All the cafes and restaurants have play areas. Parents can have a coffee, or a long leisurely lunch, and the kids are free to play or sit at the table.
It’s all designed to create a sort of perfect spot for a family vacation, and as a result, it’s full of families. Big multi-generational groups are everywhere, hiking, biking, playing, riding the lifts, and hanging out in nature.
The kids are not on phones, they’re not screaming or crying or whining—they’re playing.
We’ve noticed epic playground situations in other wealthy countries, too. In Berlin, where something like 25 percent of the city is reserved for green space and parks, there’s a very special playground in which kids can actually build structures to play on. There’s a little kids area, where parents can hang out and keep an eye on things, but there’s also a big kids area, with more serious tools. Parents don’t go in that part. There are a couple of supervising adults who provide just enough supervision and suggestion to keep things safe. Kids learn age-appropriate skills, as well as self-sufficiency. Our minds were kind of blown when we understood what was happening in that playground. Again, our kids would’ve loved a place like that.
In Iceland, every little village and crossroads (we’re talking about populations under a thousand) has both a public pool, most with a twisty water slide, and a playground. The playgrounds are easy to spot from a distance—each one has a massive trampoline, which is like a rainbow-striped bubble on the ground. It has been a while since my kids were small, so maybe trampoline technology in the US has improved, but I’ve never seen anything like these trampolines. The only reason I didn’t try jumping on one myself was my borked ankle.

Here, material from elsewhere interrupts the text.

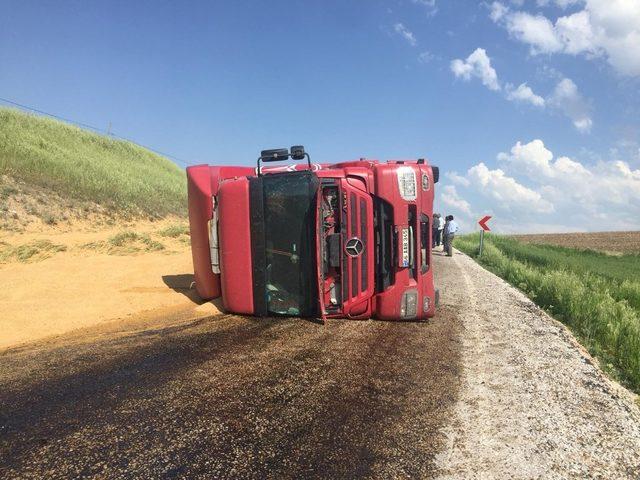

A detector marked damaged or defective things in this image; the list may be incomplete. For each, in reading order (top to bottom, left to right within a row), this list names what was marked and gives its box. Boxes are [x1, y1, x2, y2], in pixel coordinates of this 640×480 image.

overturned red truck [188, 145, 438, 318]
cracked road surface [0, 258, 460, 476] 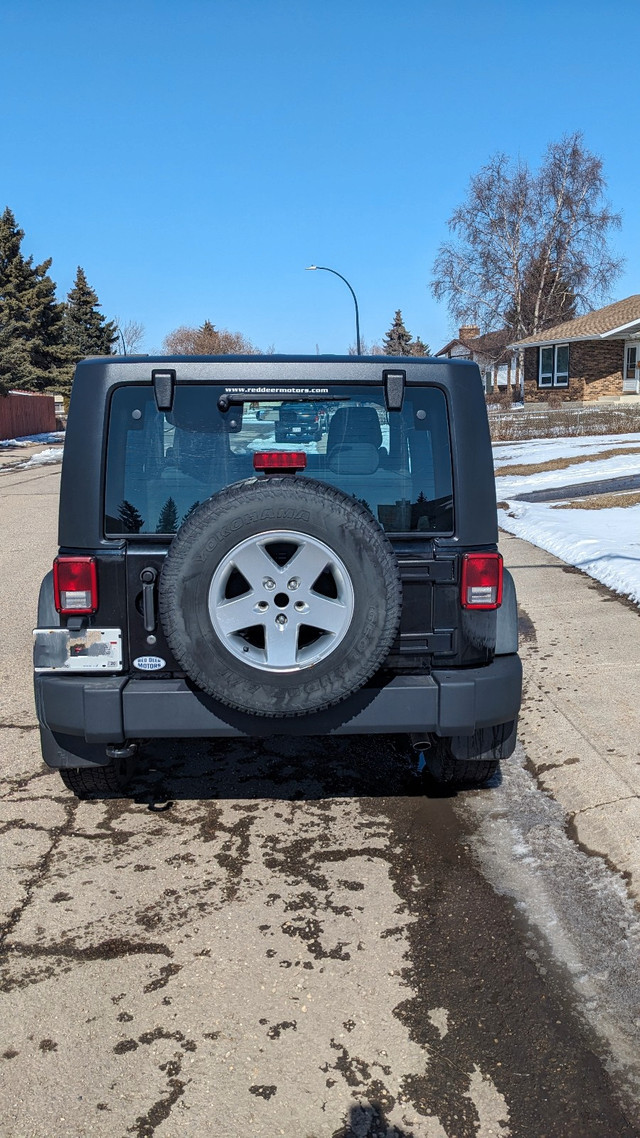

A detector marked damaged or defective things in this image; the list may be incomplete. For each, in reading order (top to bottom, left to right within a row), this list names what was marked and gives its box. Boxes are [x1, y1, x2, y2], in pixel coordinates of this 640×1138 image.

cracked asphalt [1, 462, 637, 1138]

It’s interesting to see what it looks like when a society really prioritizes children and families. When our kids were small, we lived in a town that won awards for being ‘family-friendly.’ That’s why we chose to live there—if it’s winning awards, it must good, right? It was what we knew.
Turns out, there’s more than one way to build a playground—or a society.
From my writer’s notebook:
Last year, the Louvre in Paris hired a provenance expert to work full-time on researching the items in the museum’s collection that are believed to have been stolen, looted, or sold ‘under duress’ during the Holocaust. The Louvre has recently been making more of an effort to do due diligence toward restituting the paintings; a special gallery now makes about thirty of them available for public viewing. In the profile I read of this curator, she said two things that struck me:
“The backs of paintings can be very talkative.”
“No one, not my grandparents, not my parents, ever talked about the war . . . The story was transmitted through the unspoken, and there is nothing worse than the unspoken.”